• **Exercise instructions**: Exactly the lines from the one holding "Beehive Trail by null" through the last line of the listing below must appear in the answer, and no pictures.

• **Dataset extract**:
◆ ◆ ◆ ◆ ◆
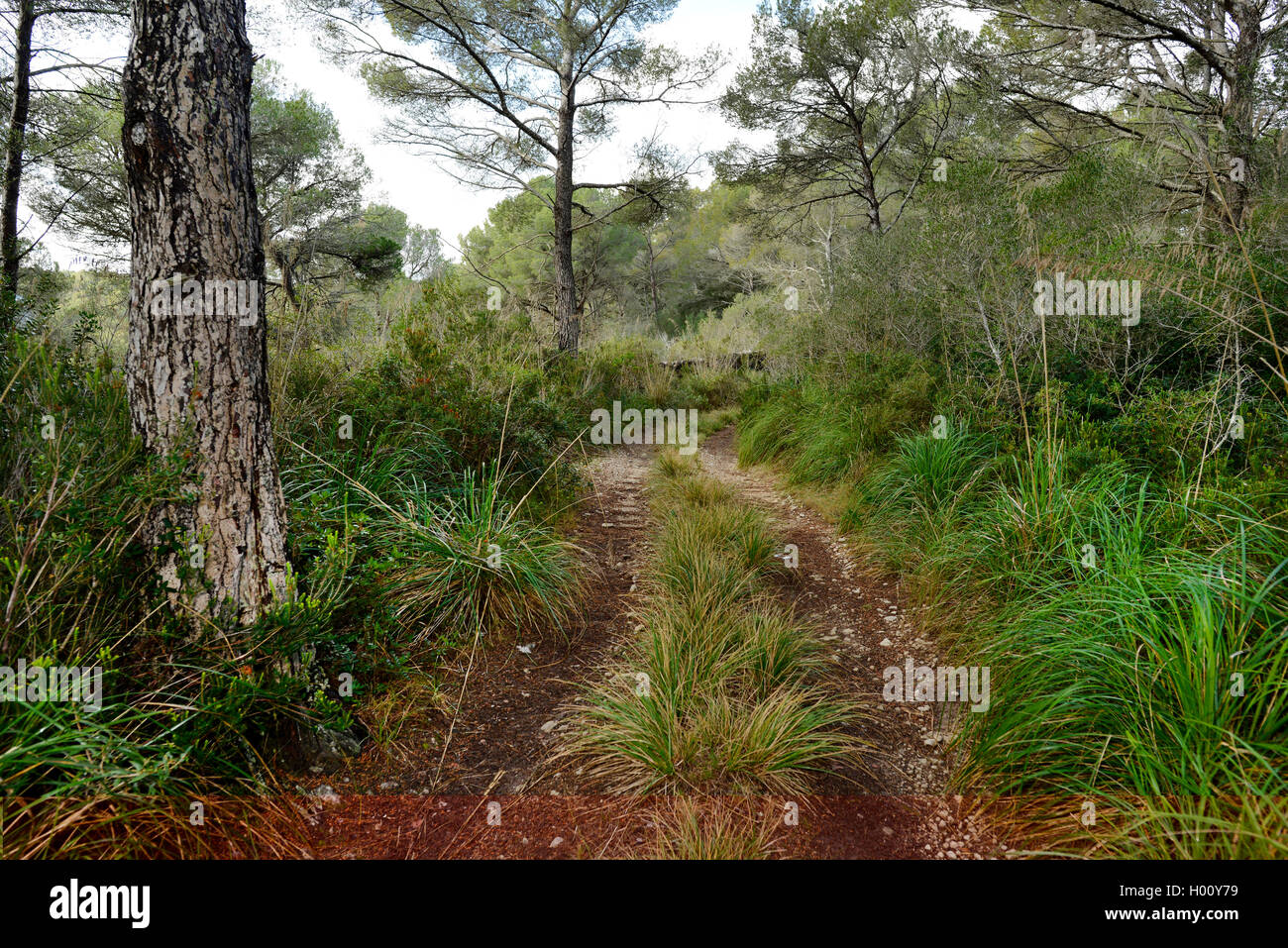 Pino di Aleppo (Pinus halepensis), Sentiero escursionistico attraverso un luminoso bosco di pini su Menorca, Spagna, Balearen, Menorca Foto Stock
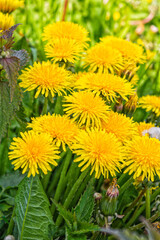 Yellow dandelion or Taraxacum officinale flowers on meadow field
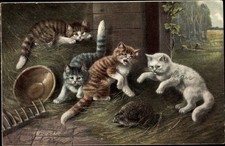 Ak Katzen haben einen Igel gefunden, Stroh, Harke, Bauernhof - 3517001
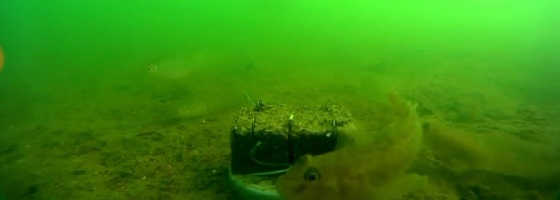 Подводная съемка макушатника видео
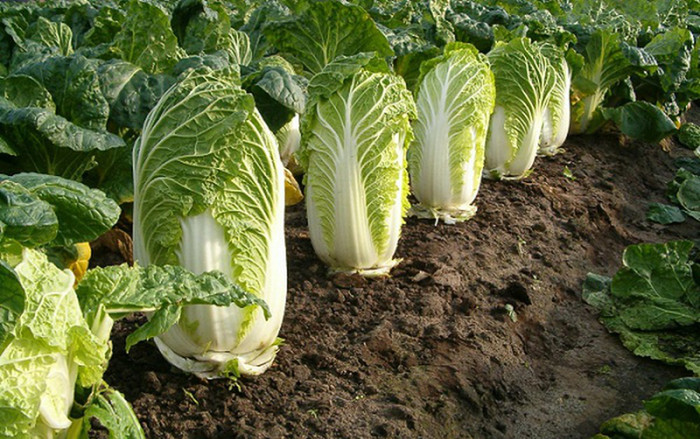 Loại rau được đánh giá tốt nhất thế giới, chợ Việt Nam bán chỉ vài chục nghìn đồng/ký Ảnh 2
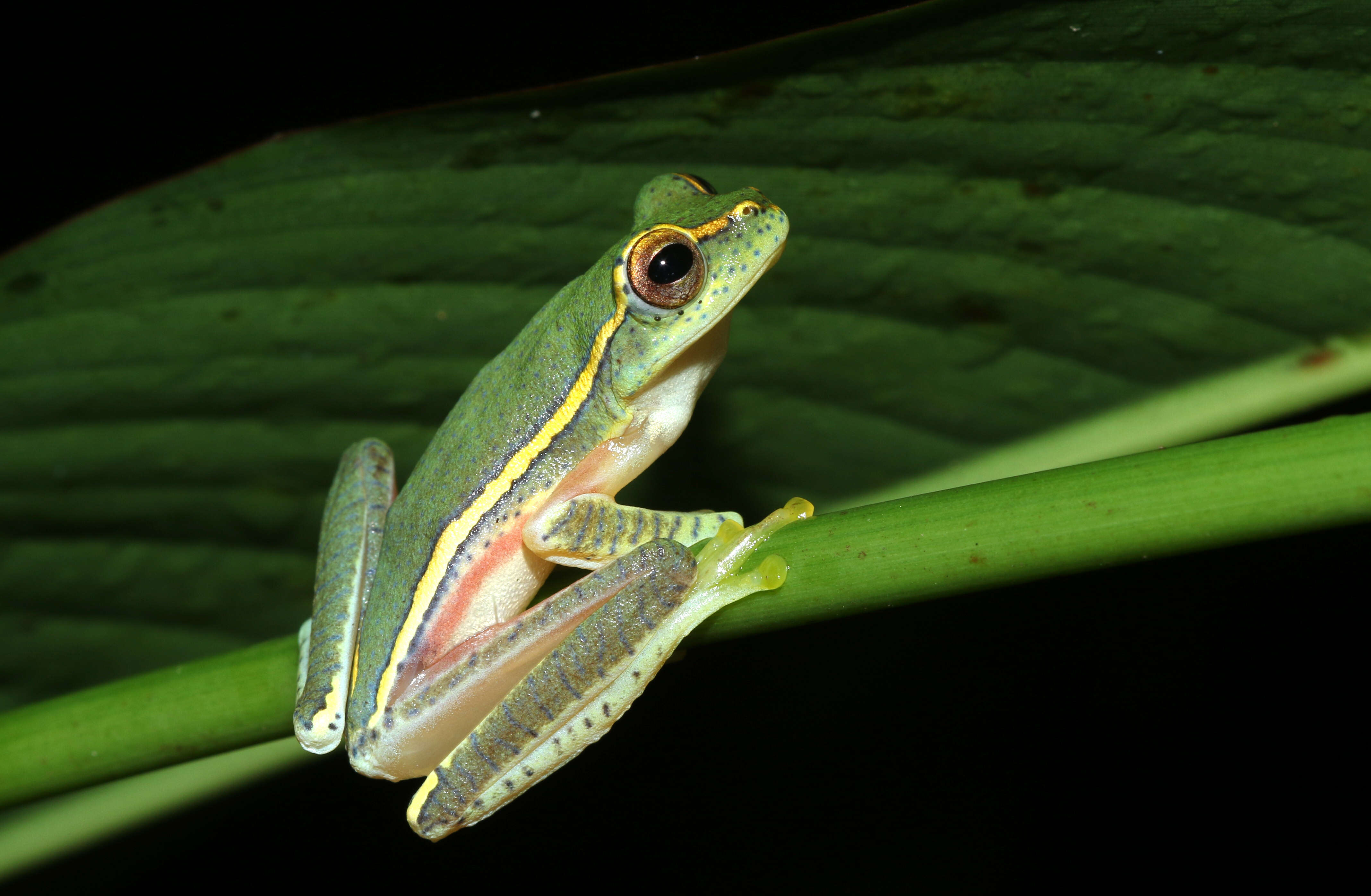 Imagem de Rhacophorus lateralis Boulenger 1883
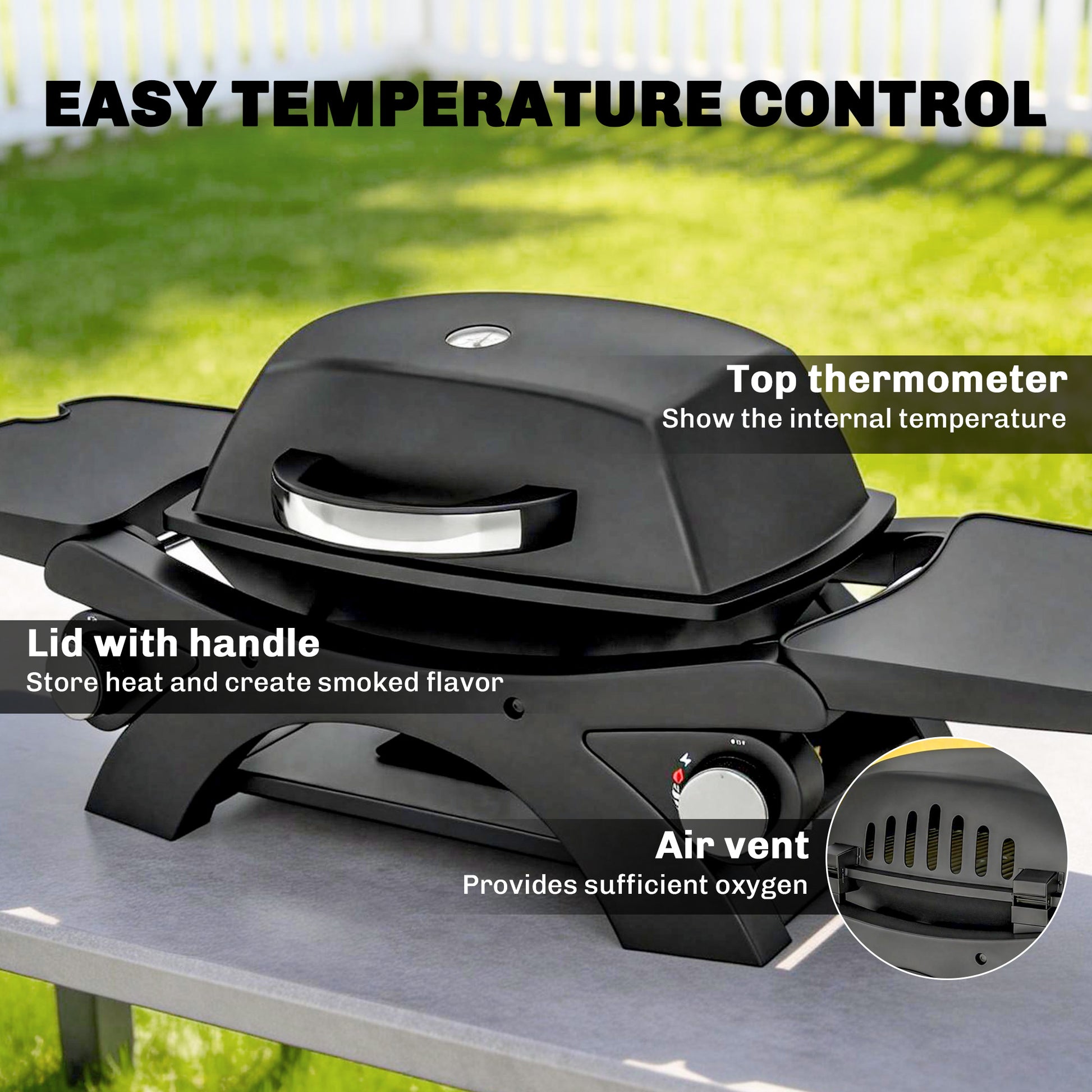 Outsunny 2 Burner Gas Grill with 2 Detachable Side Tables, 3.8 KW Steel Barbecue Grill with Cast Iron Grates, Lid, Thermometer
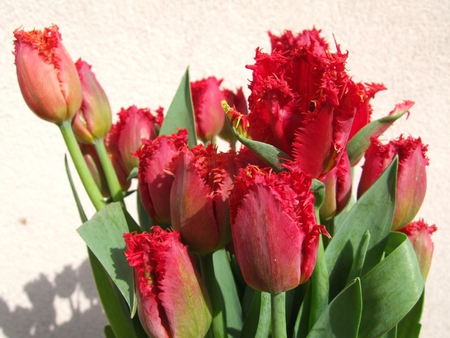 Red flowers - flower, nature, rose, petal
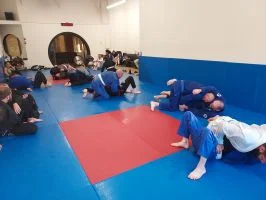 Ground-Up Brazilian Jiu-Jitsu Academy, LLC academy photo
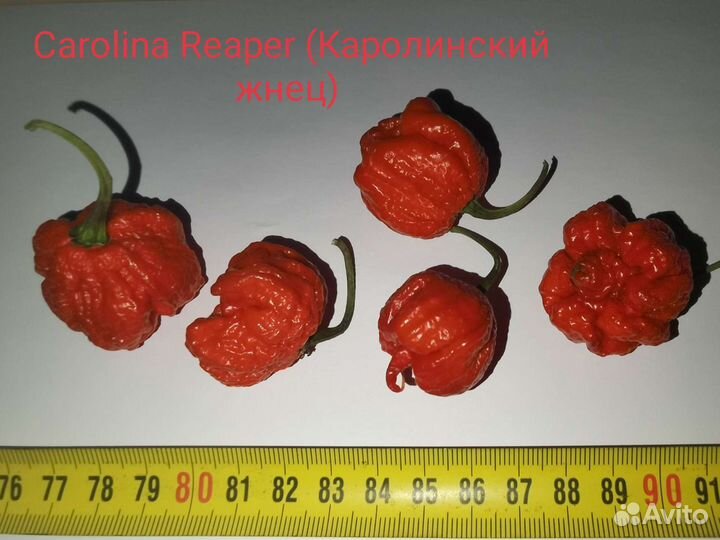Семена суперхотов Carolina Reaper и другие
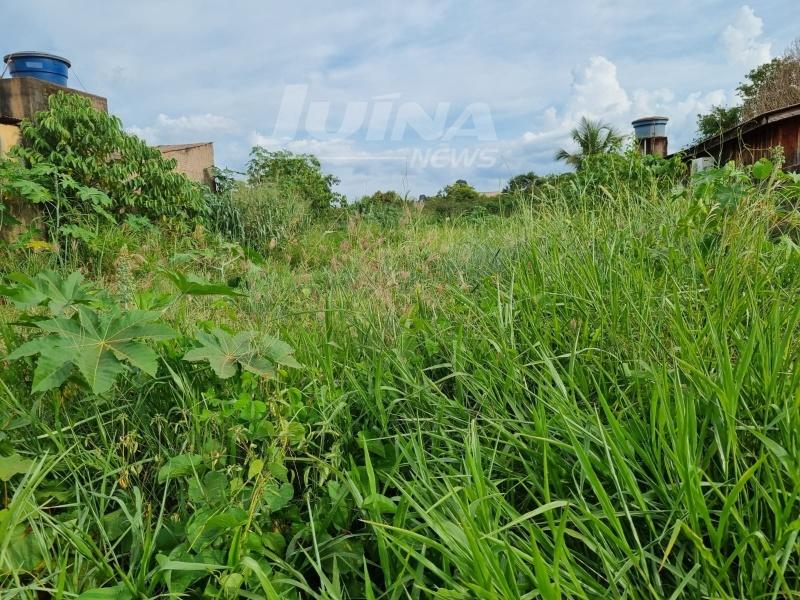 Projeto de Lei Complementar, vai multar quem deixar terrenos sujos em Juína 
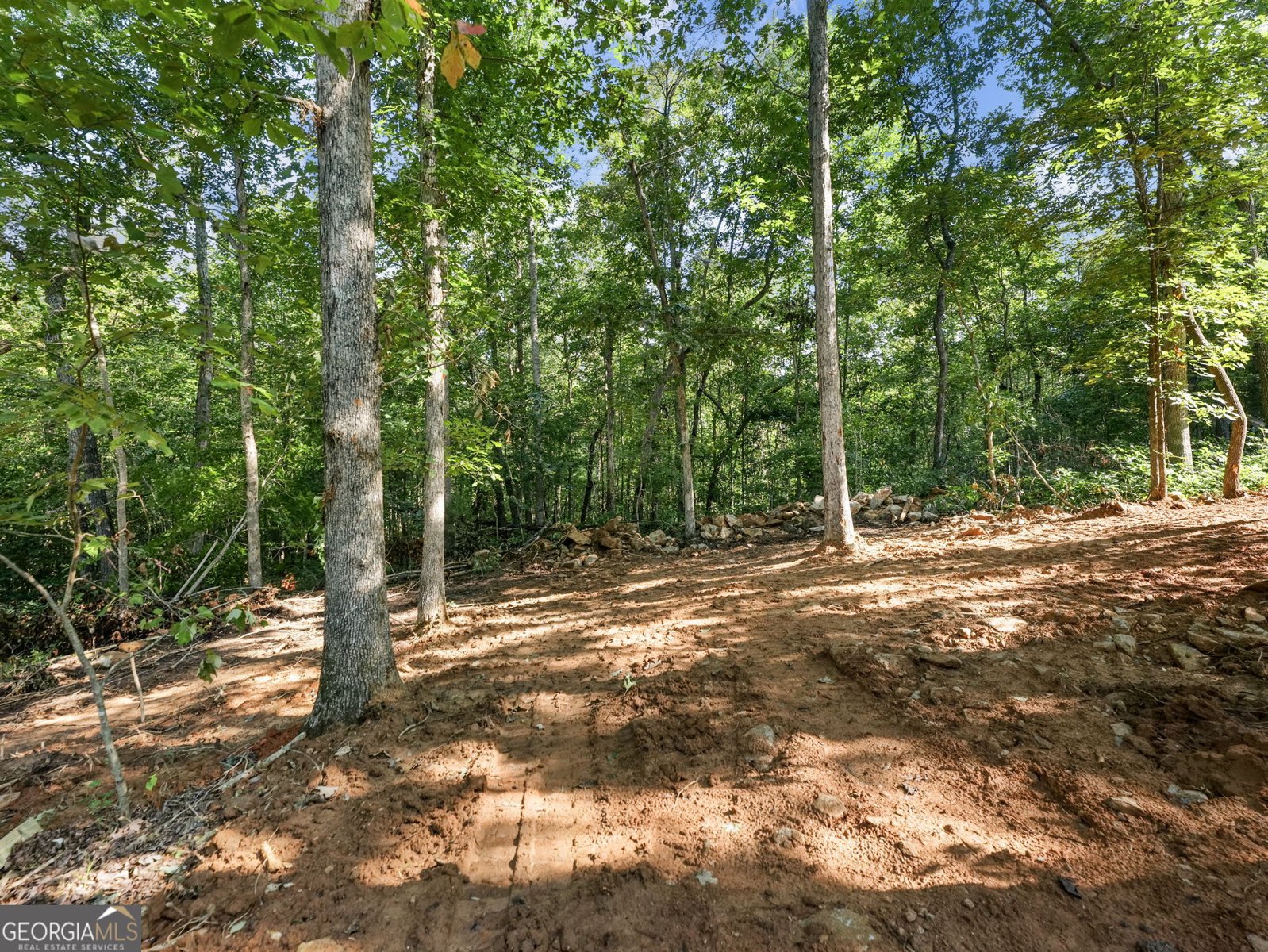 277 Eden Woods Clarkesville - Photo 40
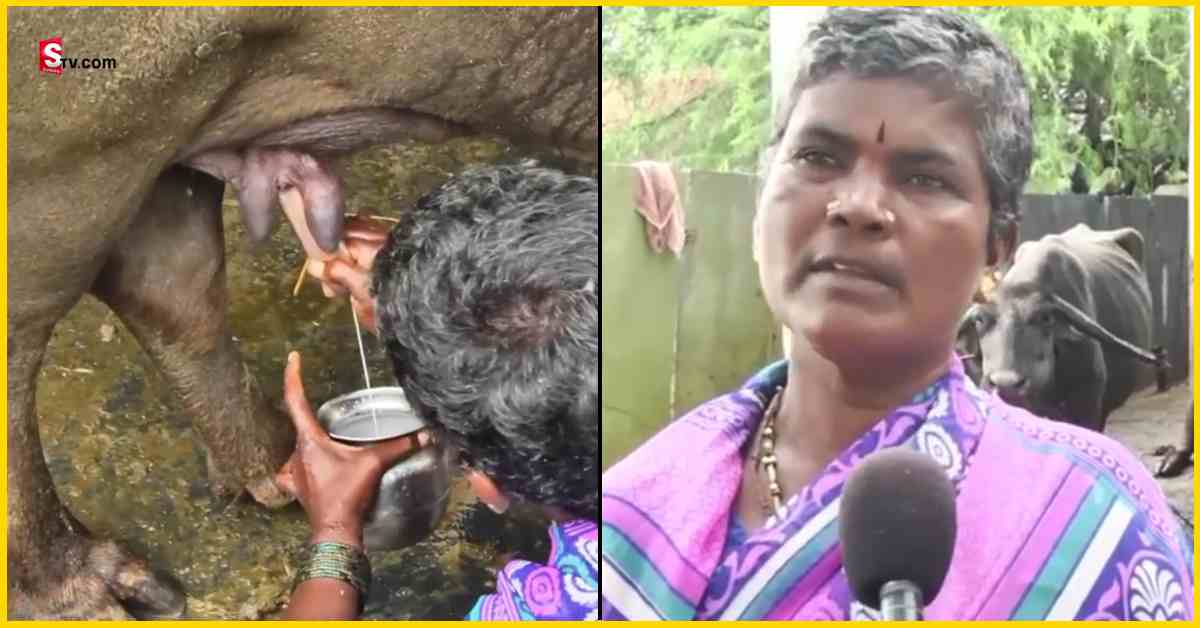 Kurnool: కర్నూలు జిల్లాలోని ఆ ప్రాంతంలో పాలు ఉచితంగా ఇస్తారు, అమ్మరు!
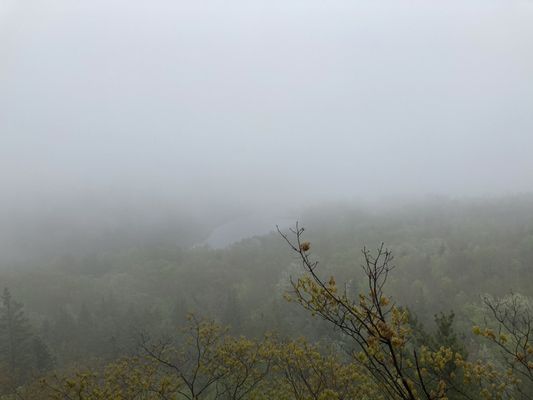 Beehive Trail by null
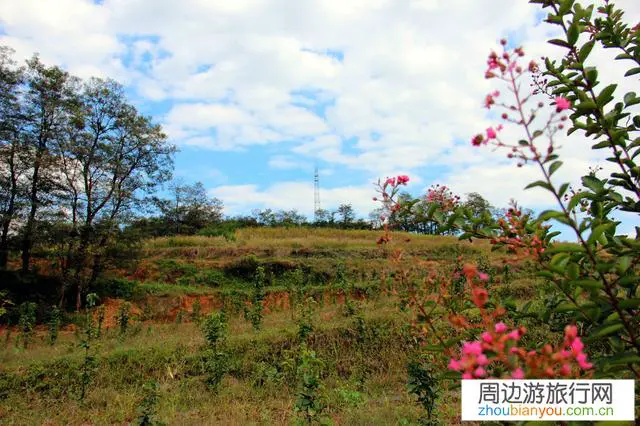 在旅游的过程中，你愿意与今日头条分享你的快乐吗？为什么？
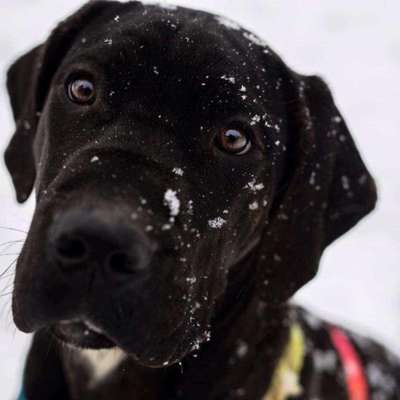 Handy-Foto-Challange Nr.9-Beitrag-Bild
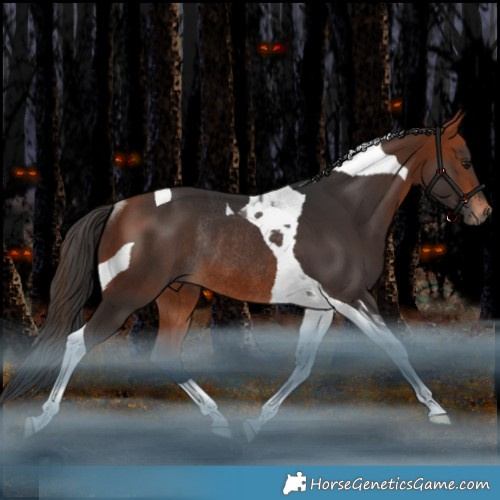 Horse Color:Bay Tobiano Rabicano 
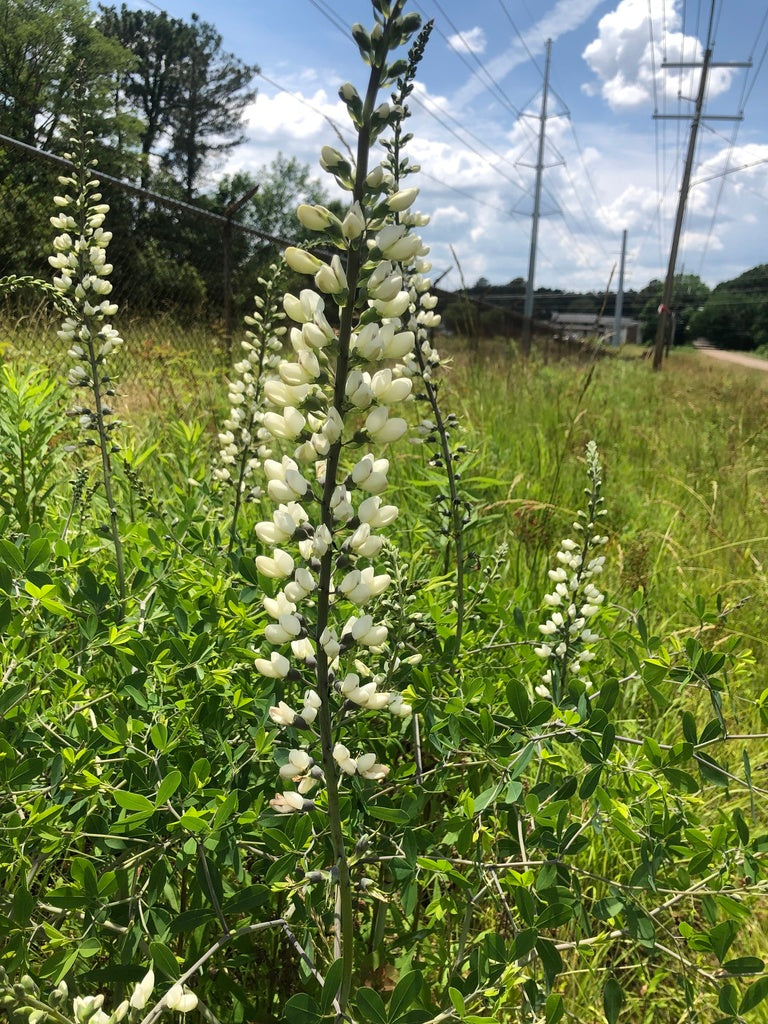 Baptisia alba--White Wild Indigo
◆ ◆ ◆ ◆ ◆
• **Your solution**:
 Beehive Trail by null
 在旅游的过程中，你愿意与今日头条分享你的快乐吗？为什么？
 Handy-Foto-Challange Nr.9-Beitrag-Bild
 Horse Color:Bay Tobiano Rabicano 
 Baptisia alba--White Wild Indigo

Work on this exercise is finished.